M={(c - 15 - a) / 3}_w.
By the substitution of these values of J, S and M, the equation of the epact becomes
E = ((N + 10(N - 1)) / 30)_r - (c - 16) + ((c - 16) / 4)_w + ((c - 15 - a) / 3)_w.
It may be remarked, that as a = ((c - 17) / 25)_w, the value of a will be 0 till c - 17 = 25 or c = 42; therefore, till the year 4200, a may be neglected in the computation. Had the anticipation of the new moons been taken, as it ought to have been, at one day in 308 years instead of 3121/2, the lunar equation would have occurred only twelve times in 3700 years, or eleven times successively at the end of 300 years, and then at the end of 400. In strict accuracy, therefore, a ought to have no value till c - 17 = 37, or c = 54, that is to say, till the year 5400. The above formula for the epact is given by Delambre (_Hist. de l'astronomie moderne,_ t. i. p. 9); it may be exhibited under a variety of forms, but the above is perhaps the best adapted for calculation. Another had previously been given by Gauss, but inaccurately, inasmuch as the correction depending on ''a'' was omitted.
Having determined the epact of the year, it only remains to find Easter Sunday from the conditions already laid down. Let
P = the number of days from the 21st of March to the 15th of the paschal moon, which is the first day on which Easter Sunday can fall;
p = the number of days from the 21st of March to Easter Sunday;
L = the number of the dominical letter of the year;
l = letter belonging to the day on which the 15th of the moon falls:
then, since Easter is the Sunday following the 14th of the moon, we have
p = P + (L - l),
which is commonly called the number of direction.
The value of L is always given by the formula for the dominical letter, and P and l are easily deduced from the epact, as will appear from the following considerations.
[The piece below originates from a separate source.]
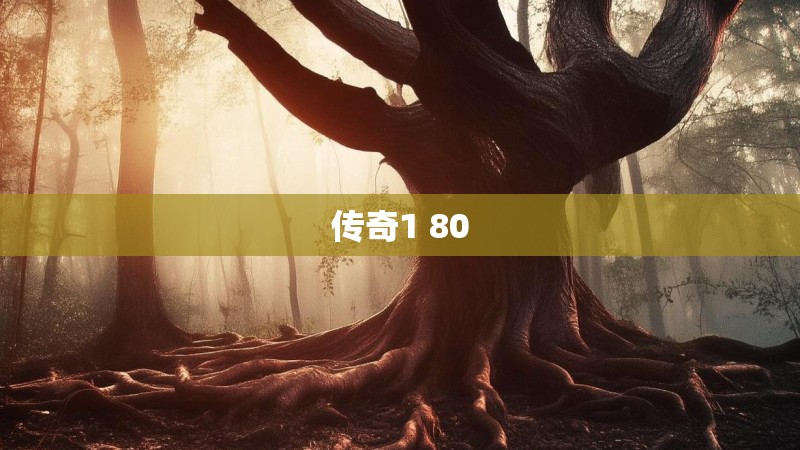 传奇1 80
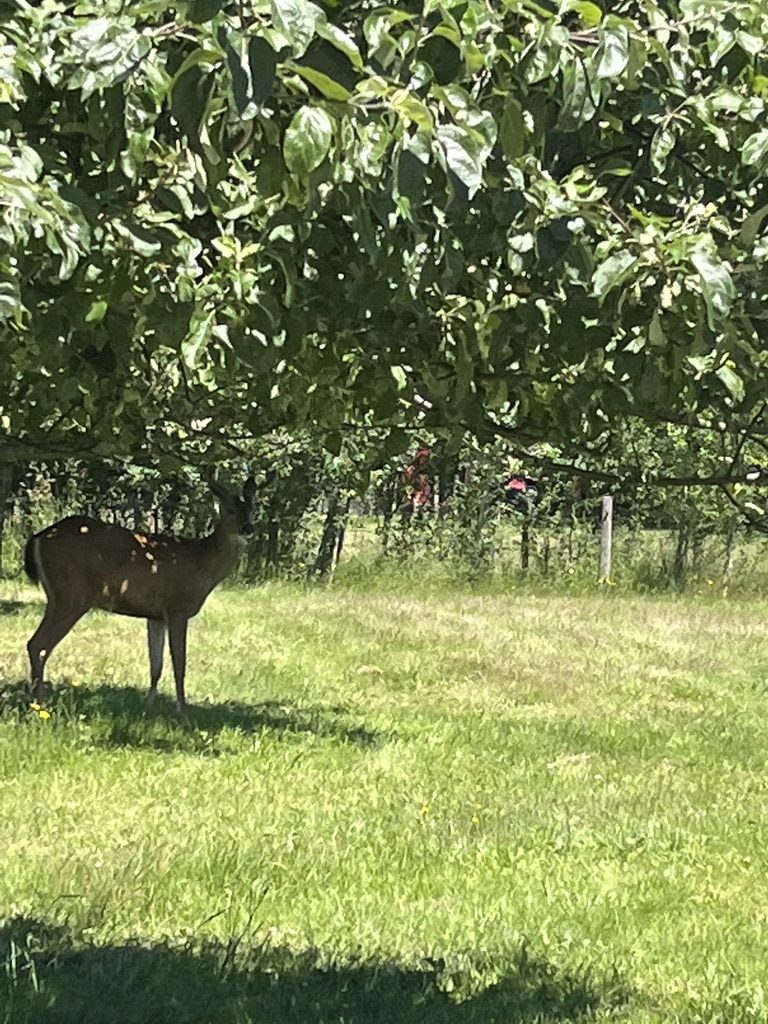 A deer grazing in the orchard on the grounds of Leeside Manor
When P = 1 the full moon is on the 21st of March, and the new moon on the 8th (21 - 13 = 8), therefore the moon's age on the 1st of March (which is the same as on the 1st of January) is twenty-three days; the epact of the year is consequently twenty-three. When P = 2 the new moon falls on the ninth, and the epact is consequently twenty-two; and, in general, when P becomes 1 + x, E becomes 23 - x, therefore P + E = 1 + x + 23 - x = 24, and P = 24 - E. In like manner, when P = 1, l = D = 4; for D is the dominical letter of the calendar belonging to the 22nd of March. But it is evident that when l is increased by unity, that is to say, when the full moon falls a day later, the epact of the year is diminished by unity; therefore, in general, when l = 4 + x, E = 23 - x, whence, l + E = 27 and l = 27 - E. But P can never be less than 1 nor l less than 4, and in both cases E = 23. When, therefore, E is greater than 23, we must add 30 in order that P and l may have positive values in the formula P = 24 - E and l = 27 - E. Hence there are two cases.
When E < 24, P = 24 - E; l = 27 - E, or ((27 - E) / 7)r, When E > 23, P = 54 - E; l = 57 - E, or ((57 - E) / 7)r.
By substituting one or other of these values of P and l, according as the case may be, in the formula p = P + (L - l), we shall have p, or the number of days from the 21st of March to Easter Sunday. It will be remarked, that as L - l cannot either be 0 or negative, we must add 7 to L as often as may be necessary, in order that L - l may be a positive whole number.
By means of the formulae which we have now given for the dominical letter, the golden number and the epact, Easter Sunday may be computed for any year after the Reformation, without the assistance of any tables whatever. As an example, suppose it were required to compute Easter for the year 1840. By substituting this number in the formula for the dominical letter, we have x = 1840, c - 16 = 2, ((c - 16) / 4)_w = 0, therefore
L = 7m + 6 - 1840 - 460 + 2 = 7m - 2292 = 7 x 328 - 2292 = 2296 - 2292 = 4 L = 4 = letter D . . . (1).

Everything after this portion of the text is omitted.